Sensitive assumptions in longtermist modeling

Crucial considerations in valuing the future

Sep 16, 2024

*A cool graph I made while working on this post. Unfortunately, I couldn’t find a good place to fit it in.*

(Crossposted to the Effective Altruism Forum: post)

{Epistemic Status: Repeating critiques from David Thorstad’s excellent papers (link, link) and blog, with some additions of my own. The list is not intended to be representative and/or comprehensive for either critiques or rebuttals. Unattributed graphs are my own and more likely to contain errors.}

I am someone generally sympathetic to philosophical longtermism and total utilitarianism, but like many effective altruists, I have often been skeptical about the relative value of actual longtermism-inspired interventions. Unfortunately, though, for a long time I was unable to express any specific, legible critiques of longtermism other than a semi-incredulous stare. Luckily, this condition has changed in the last several months since I started reading David Thorstad’s excellent blog (and papers) critiquing longtermism.1 His points cover a wide range of issues, but in today’s post I would like to focus on a couple of crucial and plausibly incorrect modeling assumptions Thorstad notes in analyses of existential risk reduction, explain a few more critiques of my own, and cover some relevant counterarguments.

Model assumptions noted by Thorstad

1. Baseline risk (blog post)

When estimating the value of reducing existential risk, one essential – but non-obvious – component is the ‘baseline risk’, i.e., the total existential risk, including risks from sources not being intervened on.2

To understand this, let’s start with an equation for the expected life-years E[L] in the future, parameterized by a period existential risk (r), and fill it with respectable values:3

Now, to understand the importance of baseline risk, let’s start by examining an estimated E[L] under different levels of risk (without considering interventions):

Here we can observe that the expected life-years in the future drops off substantially as the period existential risk (r) increases and that the decline (slope) is greater for smaller period risks than for larger ones. This finding might not seem especially significant, but if we use this same analysis to estimate the value of reducing period existential risk, we find that the value drops off in exactly the same way as baseline risk increases.

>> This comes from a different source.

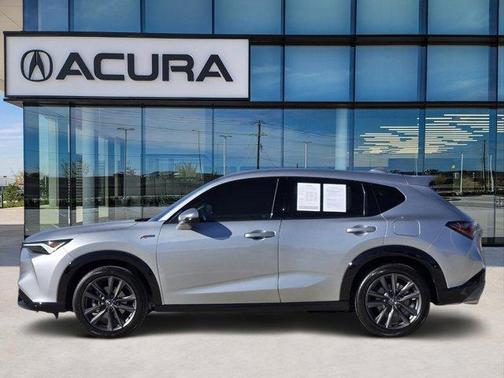 2025 Acura ADX A-Spec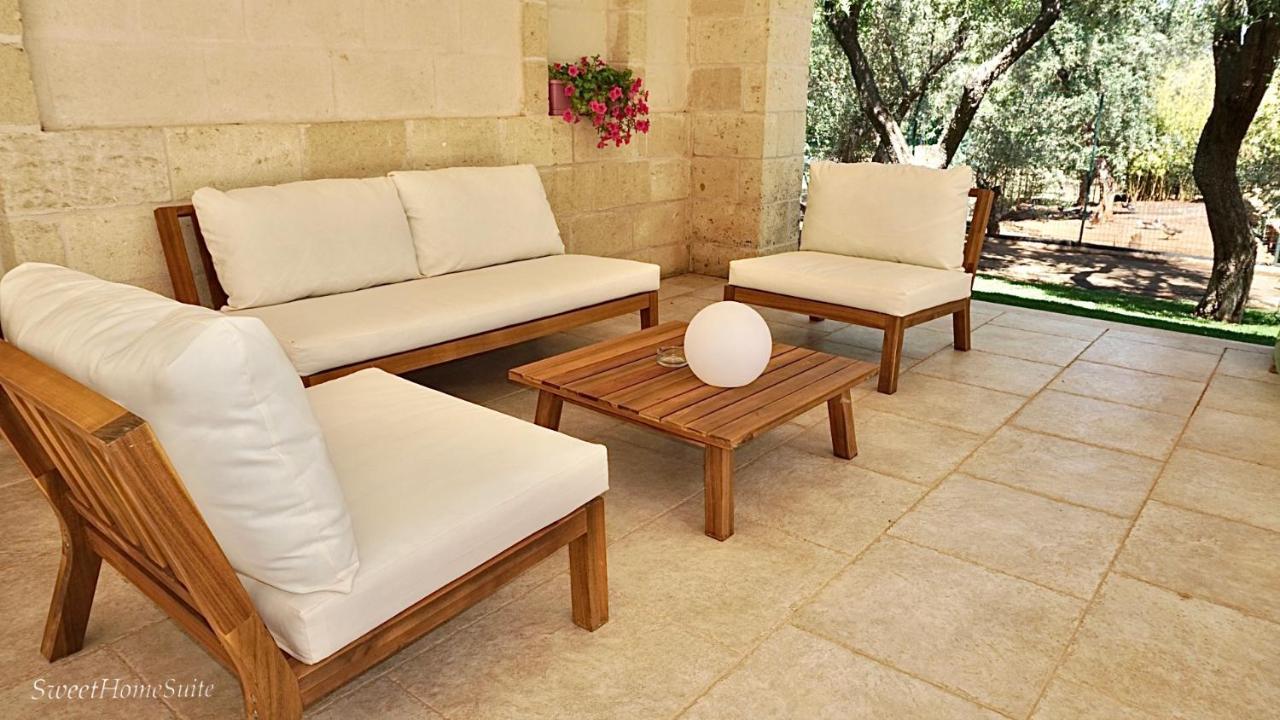 Sweet Home Suite Fasano Exterior foto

*Higher and lower points are given for each line, showing how quickly the value can change because of the baseline risk.*

Indeed, if we examine the graph above, we can see that differences in baseline risk (0.2% vs. 1.2%) can potentially dominate tenfold (1% vs. 0.1%) differences in absolute period existential risk (r) reduction.

Takeaways from this:

(1) There’s less point in saving the world if it’s just going to end anyway. Which is to say that pessimism about existential risk (i.e. higher risk) decreases the value of existential risk reduction because the saved future is riskier and therefore less valuable.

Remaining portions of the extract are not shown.